Nos coeurs sont d’étranges étrangers. J’avais bu au sien un nectar ambroisique qui m’avait ensorcelé.
Sur la route, un chat écrasé tentait lentement de se fondre au goudron.
En est-il ainsi de nous aussi ? me disais-je en évitant la carcasse décomposée, lui laissant un peu plus de temps pour ressembler à ce que nous sommes vraiment, finalement.
Mais qu’importe, puisque c’est plus tard que tout a basculé.
Les miroirs, à mon approche, se déteintaient. Je voyais alors nos intérieurs en radiographie. Je n’aimais pas voir nos entrailles grouiller et se tordre suite aux hurlements que nous poussions. Une sorte de terreur de vivre.
Nos yeux se gonflaient de bleu dès lors que le soleil se pointait. L’agonie des jours nous transformait en monstres acéphales.
Des membres disloqués puis reloqués. Puis disloqués à nouveau jusqu’à la nausée, jusqu’au malheur de nos entrailles.

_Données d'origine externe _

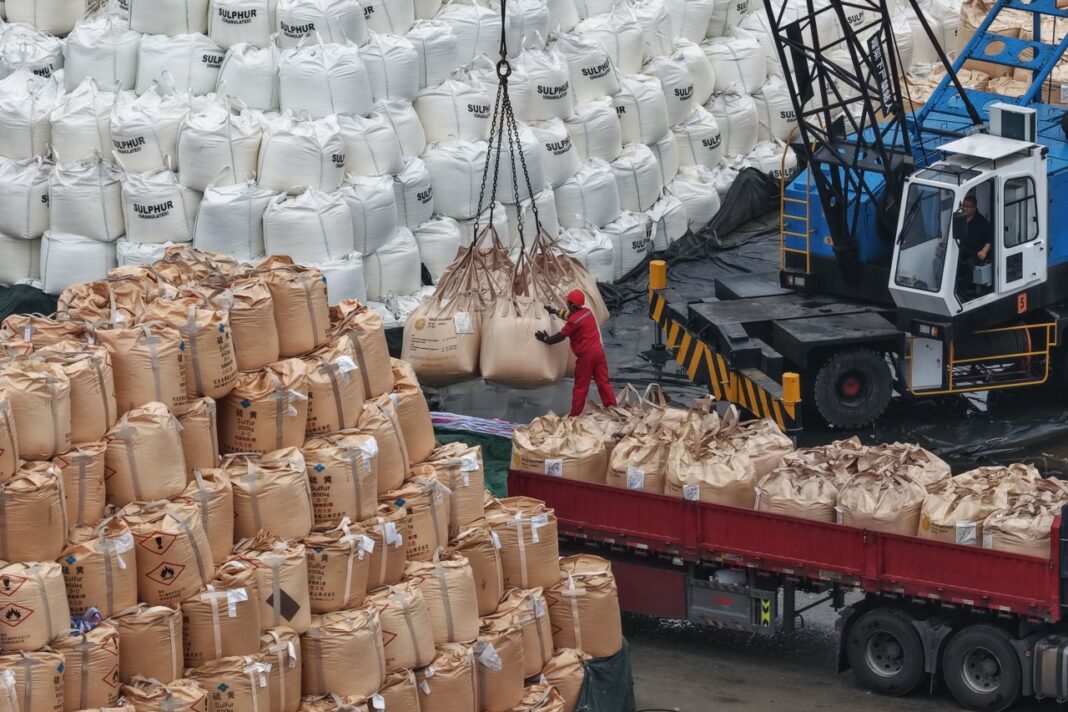China’s Export Curbs and Iran’s Conflict Tighten Global Sulfuric Acid Supply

Le fait-divers d’il y a quelques années. Des parents plus qu’inattentifs. Des gosses plus qu’abandonnés mais prisonniers d’une toute petite chambre. Des mains d’enfants posées sur les murs, mais ce n’est que de la merde, ou du sang ou de la morve. Peut-être tout ensemble. Et bien, ils habitent en moi. Une veine de mon pied enfle démesurément et se bloque. Un petit clapet à l’intérieur leur permet d’entrer mais de ne plus jamais sortir. Je suis eux. Ils sont moi. Ces parents monstrueux. Ces enfants torturés et survivants. Ont-ils survécu ? Ai-je survécu ?
Je ne sais plus si je rêve chaque nuit ma mort ou si je cauchemarde ma vie. Et on appelait ça l’amour...
Une confession à grandeur humaine, c’est-à-dire toute petite. Le parloir était incrusté dans un piano ou bien cherchais-je encore à me pendre à ses cordes si musicales ? Une pendaison en musique serait si romantique! J’ai peur d’être encore un peu trop grosse pour le ventilateur du salon. Je voudrais délivrer le malheur qui naît en moi. Mais alors, pluie, il retomberait sur ceux que j’aime et qui n’ont rien fait. Est-ce que nous vivons pour que les autres continuent à vivre ? Ou bien est-ce eux qui nous permettent de survivre ?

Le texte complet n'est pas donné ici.